> RECORDS TO PROCESS:
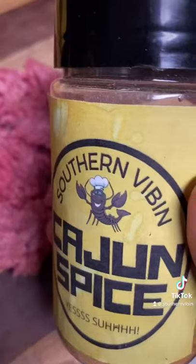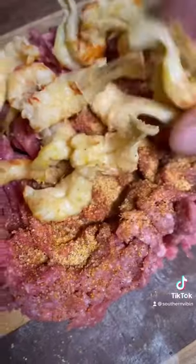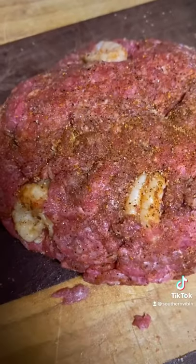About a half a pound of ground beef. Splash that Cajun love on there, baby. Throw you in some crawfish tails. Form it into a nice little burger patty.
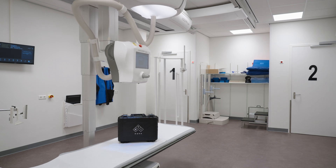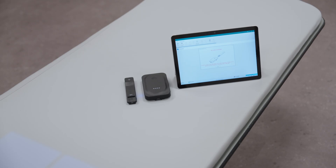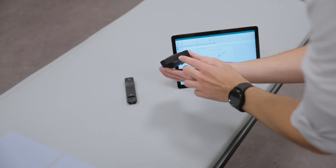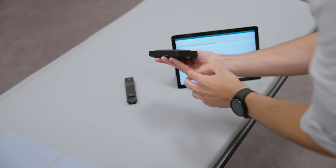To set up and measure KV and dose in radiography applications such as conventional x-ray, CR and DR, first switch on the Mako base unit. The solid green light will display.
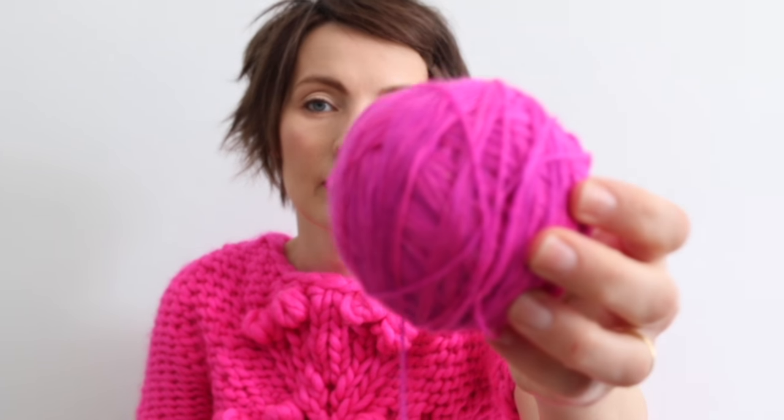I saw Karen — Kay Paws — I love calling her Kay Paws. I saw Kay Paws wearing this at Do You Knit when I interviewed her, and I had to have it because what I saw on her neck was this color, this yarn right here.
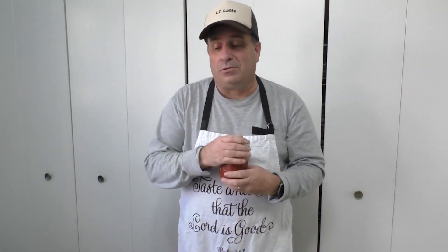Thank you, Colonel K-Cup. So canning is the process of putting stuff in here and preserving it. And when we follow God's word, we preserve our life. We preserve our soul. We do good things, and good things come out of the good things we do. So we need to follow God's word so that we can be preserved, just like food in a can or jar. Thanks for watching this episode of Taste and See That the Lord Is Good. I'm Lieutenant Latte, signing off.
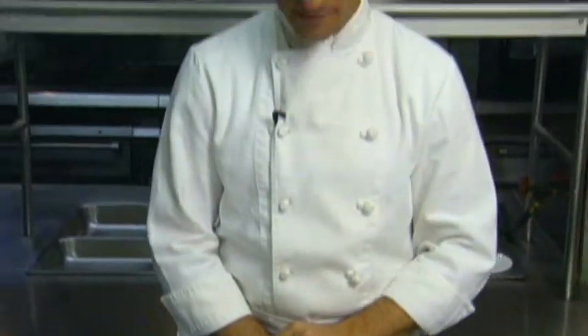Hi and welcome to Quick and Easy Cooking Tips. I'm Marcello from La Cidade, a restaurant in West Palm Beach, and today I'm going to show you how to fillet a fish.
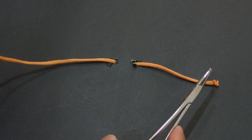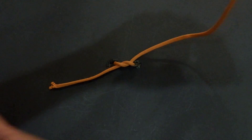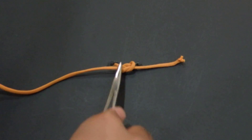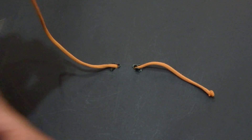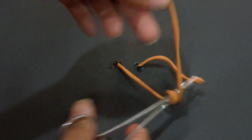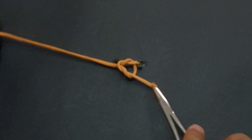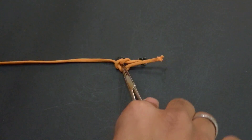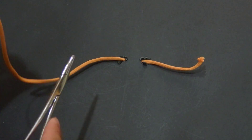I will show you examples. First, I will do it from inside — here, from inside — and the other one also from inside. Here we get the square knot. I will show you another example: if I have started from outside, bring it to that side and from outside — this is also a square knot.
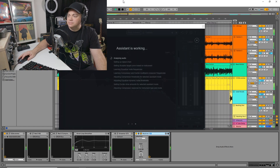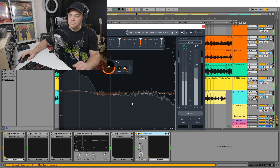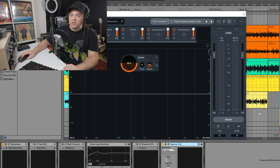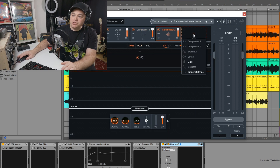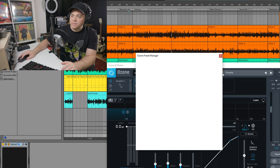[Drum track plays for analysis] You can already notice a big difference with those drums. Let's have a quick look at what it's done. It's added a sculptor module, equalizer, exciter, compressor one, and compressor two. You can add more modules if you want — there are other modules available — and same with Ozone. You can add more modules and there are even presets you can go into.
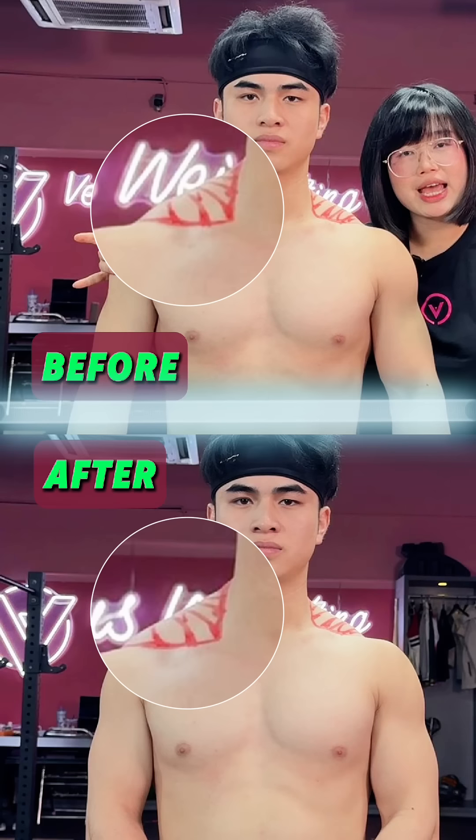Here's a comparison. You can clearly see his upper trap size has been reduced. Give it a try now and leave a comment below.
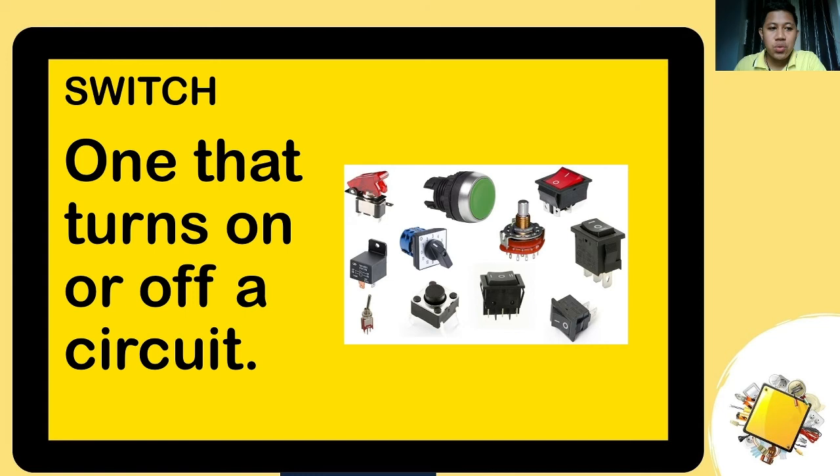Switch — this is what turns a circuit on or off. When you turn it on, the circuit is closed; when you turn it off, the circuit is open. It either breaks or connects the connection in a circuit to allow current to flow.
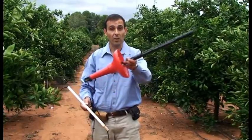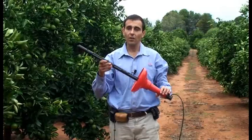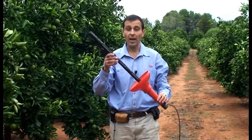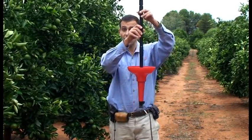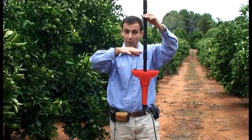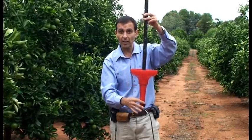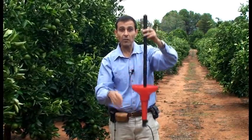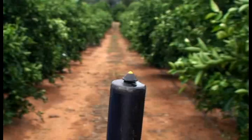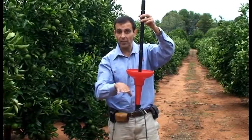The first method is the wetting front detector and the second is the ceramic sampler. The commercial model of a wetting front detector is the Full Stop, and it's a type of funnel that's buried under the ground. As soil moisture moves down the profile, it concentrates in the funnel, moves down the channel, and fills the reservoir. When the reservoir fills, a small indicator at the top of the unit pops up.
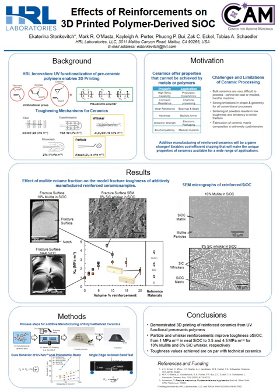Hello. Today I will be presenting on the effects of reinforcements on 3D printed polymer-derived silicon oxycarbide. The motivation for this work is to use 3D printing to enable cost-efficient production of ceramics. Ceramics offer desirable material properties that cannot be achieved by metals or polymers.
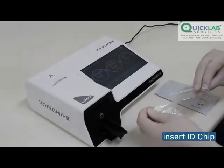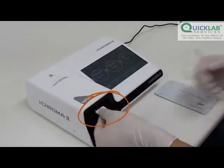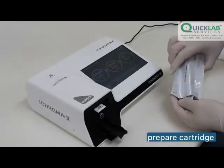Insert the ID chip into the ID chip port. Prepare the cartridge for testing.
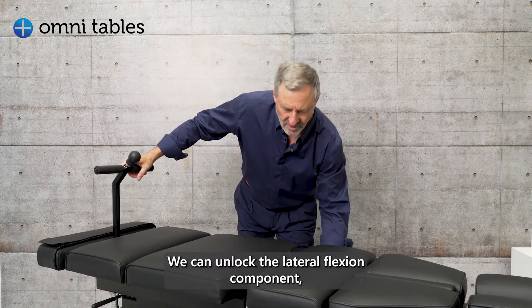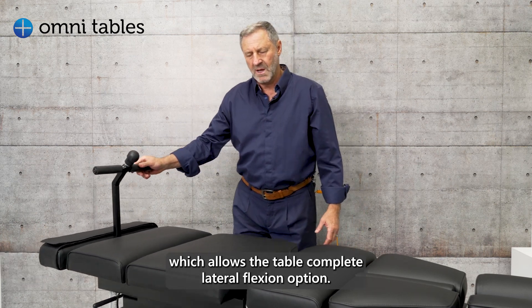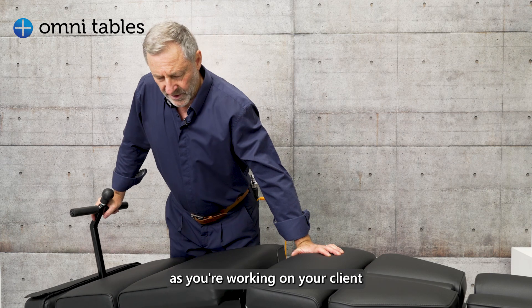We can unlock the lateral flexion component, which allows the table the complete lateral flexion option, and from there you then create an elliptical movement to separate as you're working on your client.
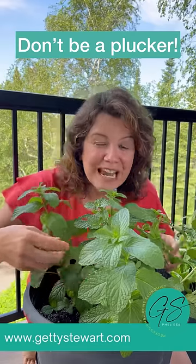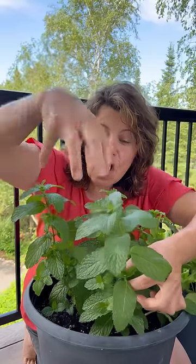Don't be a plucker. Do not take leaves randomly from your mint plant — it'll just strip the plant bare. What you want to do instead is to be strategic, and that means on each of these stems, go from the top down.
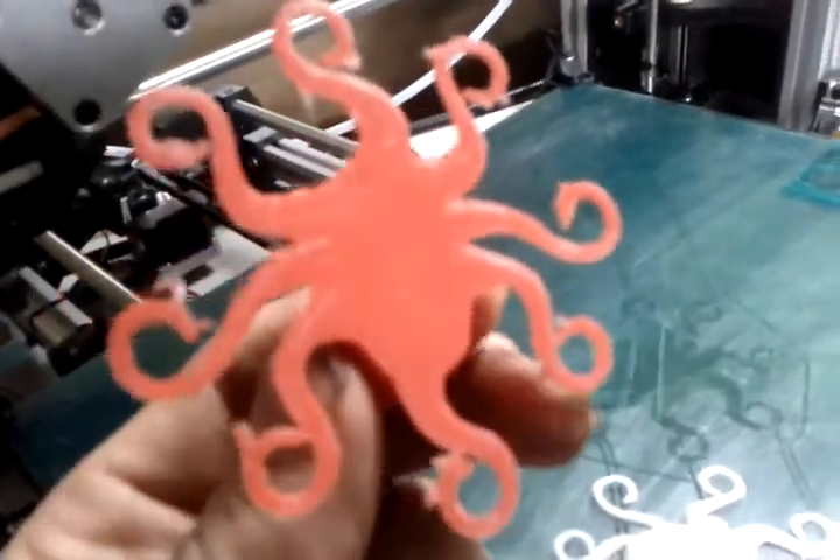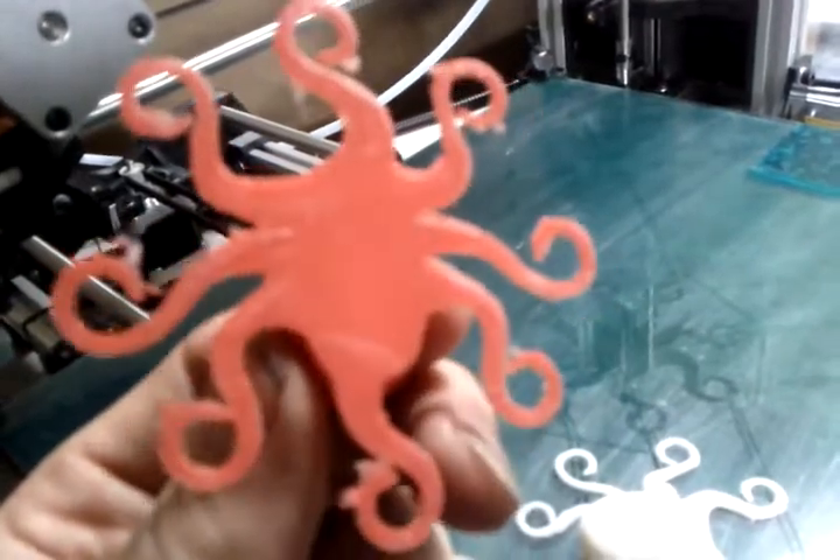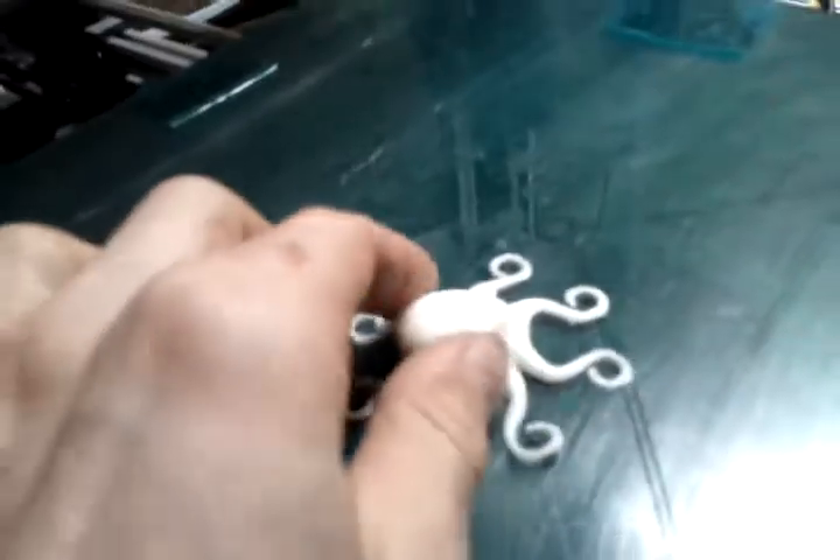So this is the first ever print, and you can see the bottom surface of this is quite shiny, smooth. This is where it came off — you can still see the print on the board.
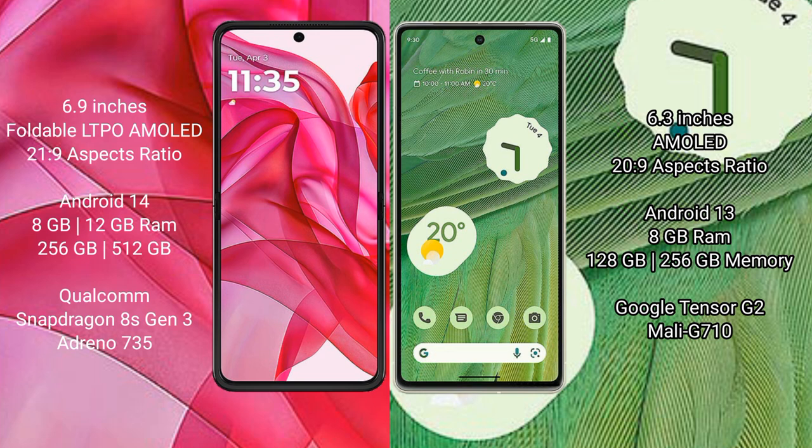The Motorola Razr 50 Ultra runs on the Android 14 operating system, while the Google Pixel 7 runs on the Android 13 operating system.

> PROBLEM STATEMENT:
Using the entries above, reproduce word for word only the lines from the one that contains "Thank you, Colonel" to the one that contains "Hi and welcome", both ends included, and drop every picture.

> EXPECTED OUTPUT:
Thank you, Colonel K-Cup. So canning is the process of putting stuff in here and preserving it. And when we follow God's word, we preserve our life. We preserve our soul. We do good things, and good things come out of the good things we do. So we need to follow God's word so that we can be preserved, just like food in a can or jar. Thanks for watching this episode of Taste and See That the Lord Is Good. I'm Lieutenant Latte, signing off.
Hi and welcome to Quick and Easy Cooking Tips. I'm Marcello from La Cidade, a restaurant in West Palm Beach, and today I'm going to show you how to fillet a fish.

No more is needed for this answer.